Conclusion

As a conclusion, we find that there is a negative correlation between rate of violence against women and educational level that when educational level increases violation rate decreases but this is not a strong correlation. Also, we cannot find a relation between violence rate and GDP per capita.

Then,we construct two models which are decision tree and k-nearest neighbour model. The decision tree does not give a precise conclusion because according to our calculations, the half of them are correct. The regression model gives almost similar proportion but it is not a machine learning technique. The k-nearest model is good for to analyze out data set but it does not give a clear conclusion.

In the project, we tried to examine different data sources and different years but we can only find the violence data in 2014 so we cannot say exact  conclusion.

 

 

 

Decision Tree

We created a decision tree model to predict the woman violence rate of countries with respect to their education rate and GDP.

The input features for the decision tree are Education Rate and GDP,

The target is Woman Violence Rate,

First of all, we formed 4 classes for the violence rates:

  • Higher or equal to 70, it will be in High (value = 3)
  • Between 70 and 40, it will be Upper-Intermediate (value = 2)
  • Between 20 and 40, it will be Lower-Intermediate (value = 1)
  • Below 20, it will be Low (value = 0)

 

  • The output of the decision tree is the predicted violence rates of the country with respect to the input features.

 

Modelling

We will use split in this machine learning analysis; the training data will be consisted of 66% and the test data will be consisted of 33% of the sample data we have. This is very important to avoid from over-fitting and decision trees are so susceptible to it.

f

Firstly, we tested the score of the decision tree on our training data, as expected, output was 1.0

Since we tested same data which we prepared Decision Tree so the accuracy score for the training data must be 100%.

Then, we can test our model by using the test data we have (last 33% of our main data);

Test data’s array sequence according to classes we determined is:

[2, 0, 2, 3, 2, 3, 2, 0, 1, 0, 3, 0, 3, 1, 0, 1, 1, 0, 1, 2, 2, 2, 2, 2, 1, 2, 2]

The predicted classes of the test data is:

[2, 1, 2, 3, 2, 3, 3, 0, 0, 0, 2, 1, 1, 0, 1, 1, 3, 0, 0, 2, 2, 1, 1, 2, 0, 3, 2]

Note that; 0, 1, 2 and 3 represents Low, Lower-Intermediate, Upper-Intermediate and High classes respectively.
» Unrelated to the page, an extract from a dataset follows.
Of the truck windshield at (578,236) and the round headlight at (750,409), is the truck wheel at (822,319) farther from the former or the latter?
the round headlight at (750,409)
As it is seen, some predictions are wrong. When we calculate the score of the decision tree on the test data, the output is following: 0.48148148148148145

 

This shows that the accuracy score for the test data is around 48% and this is relatively low for a decision tree model. Therefore, it seems that it does not work very well.

 

However, in terms of results, this method has a similar to the regression model because the regression model had a similar r-squared value.

 

Why our model does not work well?

  • Firstly, the model may be too specific to be a model because it is created using the training data and all the details may be fitting very well only for that type of data. In this way, over-fitting might be emerged. Therefore, we tried to decrease the layers.

 

Let’s set the maximum depth of the tree to 5:

g

This will decrease the score for training data because we removed some details now. However, the important thing is that we try to capture a generalizable model. Therefore, we should get a nice score for both of the training and the test data.

 

Firstly, we tested the score of the decision tree on our training data output was 0.8653846153846154

Test data’s array sequence according to classes we determined is:

[2, 0, 2, 3, 2, 3, 2, 0, 1, 0, 3, 0, 3, 1, 0, 1, 1, 0, 1, 2, 2, 2, 2, 2, 1, 2, 2]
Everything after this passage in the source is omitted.